● **Task objective**
All the lines below should appear again unchanged, though their pictures should not.

● **Recorded information**
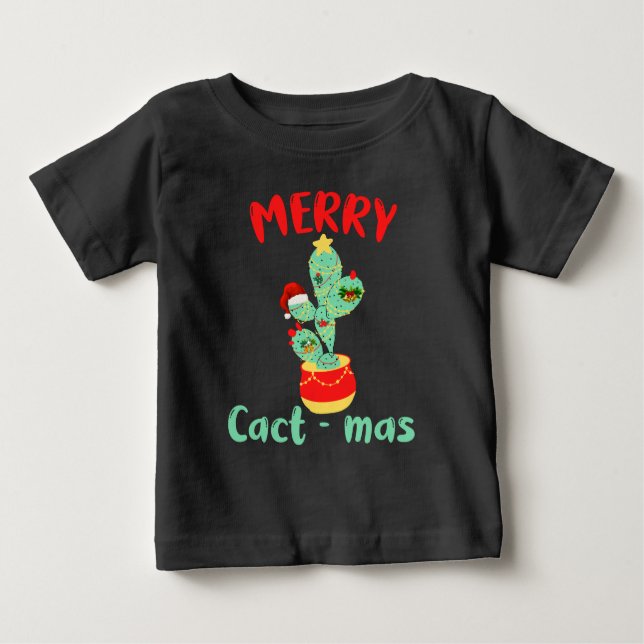 CAMISETA DE BEBÉ FUNNY MERRY CACTMAS - DIVERSIÓN DE NAVIDADES CACTU (Anverso)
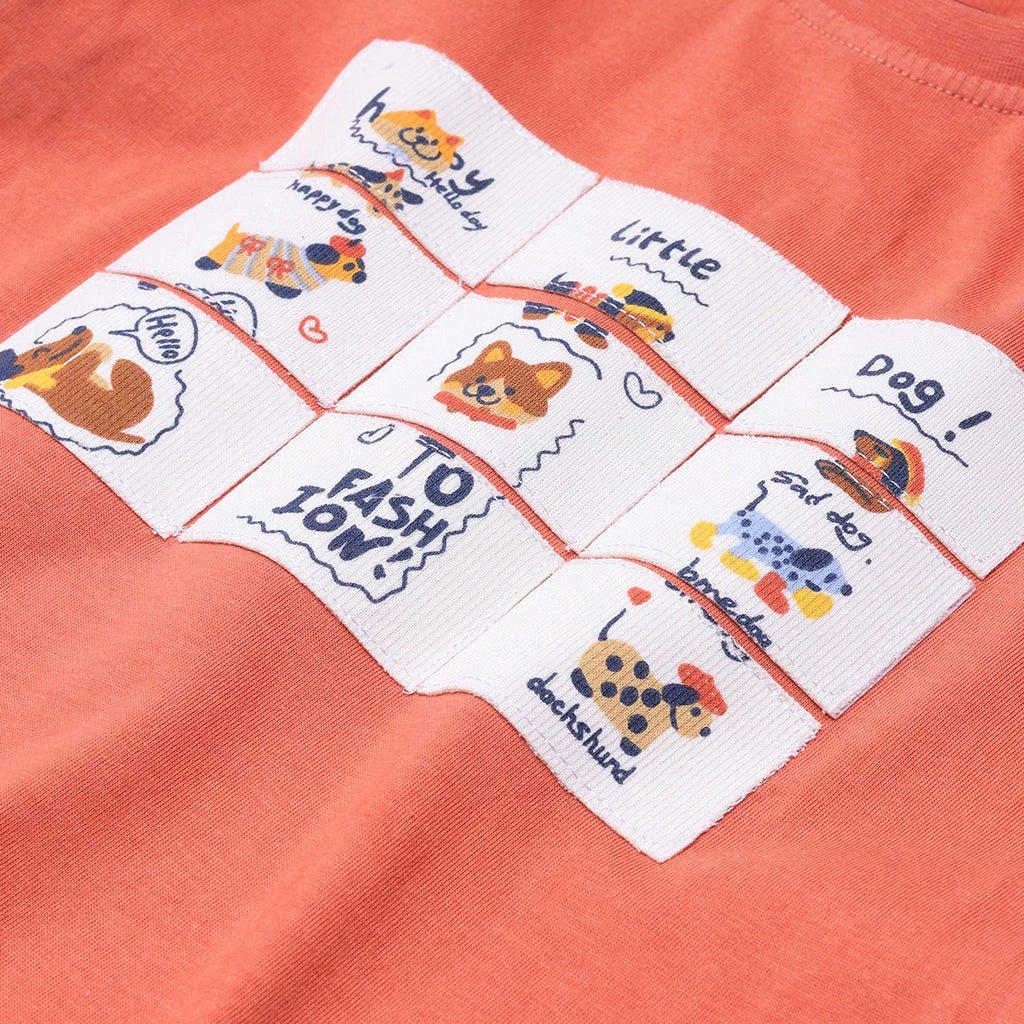 Boys Orange Animal Graphic Short Sleeve T-Shirt With Drawstring Shorts Sets 2 pc. Sets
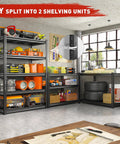 72 Inch High Garage Shelving Unit With 2500 Lbs Total Capacity For Home Garages And Light Commercial Use, Beefy Steel Storage Racks To Stash Tools, Parts, Boxes, Inventory And More split into two units in a garage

● **Output for this exercise**
 CAMISETA DE BEBÉ FUNNY MERRY CACTMAS - DIVERSIÓN DE NAVIDADES CACTU (Anverso)
 Boys Orange Animal Graphic Short Sleeve T-Shirt With Drawstring Shorts Sets 2 pc. Sets
 72 Inch High Garage Shelving Unit With 2500 Lbs Total Capacity For Home Garages And Light Commercial Use, Beefy Steel Storage Racks To Stash Tools, Parts, Boxes, Inventory And More split into two units in a garage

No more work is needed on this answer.